>>>>>

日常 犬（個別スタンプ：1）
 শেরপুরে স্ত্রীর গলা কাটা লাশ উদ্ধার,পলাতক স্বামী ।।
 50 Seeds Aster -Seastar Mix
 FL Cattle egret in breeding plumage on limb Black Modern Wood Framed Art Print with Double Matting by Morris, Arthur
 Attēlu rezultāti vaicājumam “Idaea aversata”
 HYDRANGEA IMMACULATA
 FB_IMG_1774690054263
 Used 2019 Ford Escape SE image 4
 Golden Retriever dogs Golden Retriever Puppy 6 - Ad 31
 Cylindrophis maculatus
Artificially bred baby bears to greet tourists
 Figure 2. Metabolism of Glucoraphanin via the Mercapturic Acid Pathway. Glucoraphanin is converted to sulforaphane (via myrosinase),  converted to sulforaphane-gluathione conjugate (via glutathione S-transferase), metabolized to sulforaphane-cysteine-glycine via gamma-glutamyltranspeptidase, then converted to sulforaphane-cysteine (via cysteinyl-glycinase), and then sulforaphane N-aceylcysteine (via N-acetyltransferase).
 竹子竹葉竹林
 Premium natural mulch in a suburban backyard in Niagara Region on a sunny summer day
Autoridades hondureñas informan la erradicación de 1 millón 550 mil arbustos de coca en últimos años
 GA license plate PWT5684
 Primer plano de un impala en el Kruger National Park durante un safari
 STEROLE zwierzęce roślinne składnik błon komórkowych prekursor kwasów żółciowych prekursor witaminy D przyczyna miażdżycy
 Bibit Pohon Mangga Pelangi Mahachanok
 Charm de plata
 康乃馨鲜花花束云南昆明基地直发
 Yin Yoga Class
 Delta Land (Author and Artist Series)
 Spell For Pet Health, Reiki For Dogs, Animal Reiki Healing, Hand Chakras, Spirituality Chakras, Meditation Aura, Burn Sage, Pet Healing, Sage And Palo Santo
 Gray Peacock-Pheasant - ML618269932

<<<<<

Problem statement ->
Return exactly the lines above from the line that has "Attēlu rezultāti vaicājumam" through the line that has "Artificially bred baby", inclusive, and nothing else.

Solution to this problem ->
 Attēlu rezultāti vaicājumam “Idaea aversata”
 HYDRANGEA IMMACULATA
 FB_IMG_1774690054263
 Used 2019 Ford Escape SE image 4
 Golden Retriever dogs Golden Retriever Puppy 6 - Ad 31
 Cylindrophis maculatus
Artificially bred baby bears to greet tourists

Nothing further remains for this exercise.